Par Raymond Pédoussaut
Date de publication originale : 2016 (La Manufacture de livres)
Genre : Roman noir
Personnages principaux : Virgile, Karl, Georges, Judith et Corie, habitants des Cabanes, un hameau sur le plateau de Millevaches en Corrèze.
Virgile et Judith forment un couple de vieux paysans. Ils habitent Les Cabanes, un hameau sur le plateau de Millevaches en Corrèze. Elle, atteinte d’Alzheimer, lui, de dégénérescence maculaire, l’avenir ne s’annonce pas rose. Ils ont élevé Georges, leur neveu, dont les parents sont morts dans un accident de la route lorsqu’il avait quatre ans. Georges vit dans un caravane installée à quelques pas de leur ferme. Un peu plus loin habite Karl, un ancien boxeur, venu d’on ne sait où il y a quelques années, il a sympathisé avec Virgile. Ce petit monde a ses habitudes et vit dans une relative tranquillité jusqu’à la venue de Corie, la nièce de Judith. Elle a besoin d’un endroit pour se reposer et fuir un compagnon violent qui la bat. Elle va s’installer dans la caravane de Georges. Cette arrivée va changer le quotidien de ces gens. Surtout de Georges, bien sûr. Un mystérieux chasseur, bien inquiétant, observe tout cela et attend son heure.
La qualité de ce roman réside dans la description du monde paysan. L’auteur montre les habitudes et la psychologie de ces gens simples, rudes, taiseux mais non dénués de bons sens et même parfois de finesse. Leur monde se limite à leur hameau où ils vivent en quasi autarcie, tout ce qui vient de l’extérieur est suspect. Il faut être né ici pour comprendre ce pays dit un personnage. Les étrangers ne peuvent comprendre ni le pays, ni les gens. Cela donne une impression d’enfermement malgré l’étendue des paysages. Ces gens ont peu de rêves, peu de projets mais on continue à faire ce qui doit être fait, jusqu’au bout. La solitude est partagée mais les problèmes, chacun les garde pour soi. Quelques secrets familiaux déterrés sont source de tension. La mort est omniprésente. Elle ne fait pas peur, elle est acceptée et devient même une délivrance pour certains. Les personnages et la restitution de l’ambiance du monde paysan sont, à mon avis, les parties les plus réussies du livre.

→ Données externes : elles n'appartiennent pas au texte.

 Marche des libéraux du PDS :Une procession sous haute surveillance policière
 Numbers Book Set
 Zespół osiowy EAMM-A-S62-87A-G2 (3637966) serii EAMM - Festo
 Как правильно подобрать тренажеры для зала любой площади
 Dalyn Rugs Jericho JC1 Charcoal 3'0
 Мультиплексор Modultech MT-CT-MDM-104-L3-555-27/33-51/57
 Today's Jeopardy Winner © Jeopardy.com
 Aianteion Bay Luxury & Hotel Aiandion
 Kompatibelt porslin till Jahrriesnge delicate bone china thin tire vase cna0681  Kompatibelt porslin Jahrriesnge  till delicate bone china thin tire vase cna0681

Par contre j’ai regretté de ne pas trouver dans ce dernier roman, la même sobriété du style présente dans Grossir le ciel. Cette fois le vocabulaire est recherché et riche. Je dirai même pompeux à certains endroits. Il faut garder un dictionnaire à portée de main si on veut comprendre tous les mots. Ainsi vous vous trouverez confrontés à : tégument, joubarbe, épicarpe, cuscute, anthère, sessile, colloïdes … Ce déballage de culture botanique me paraît inadéquat dans ce monde rude et austère de la paysannerie. Tout comme les envolées lyriques et le mysticisme que l’on trouve ici et là. Certaines phrases, ciselées par l’auteur, m’ont parues hermétiques, comme par exemple : « Un pays d’argent à trois rochers de gueules, au chef d’azur à trois étoiles d’or. » C’est poétique mais la signification est obscure.
La science des mots et de la langue est incontestable mais les noms savants et les phrases sophistiquées viennent atténuer la force du récit au lieu de la renforcer, et cela nous éloigne de l’intrigue, nous fait perdre le fil de l’histoire.
Il y a de beaux moments dans Plateau, tant que Bouysse ne se laisse pas emporter par une fougue littéraire non canalisée. Un peu plus de simplicité et de modestie de la part de l’auteur aurait été souhaitable.
Extrait :
— Ce Plateau, je l’ai jamais aimé, j’ai toujours fait semblant pour pas les décevoir. Tout paraît beau en surface, on te parle de préservation de l’environnement à longueur de temps, à la télé, dans les journaux, ce genre de conneries, mais ici, c’est pas l’environnement qui a besoin d’être préservé. L’environnement, il a gagné depuis longtemps et c’est pas prêt de changer. Les hommes appartiennent à ce royaume et pas l’inverse. Ils ont pas la main, ici, ils sont comme des épouvantails éventrés qui font plus peur à personne. C’est ça la vérité.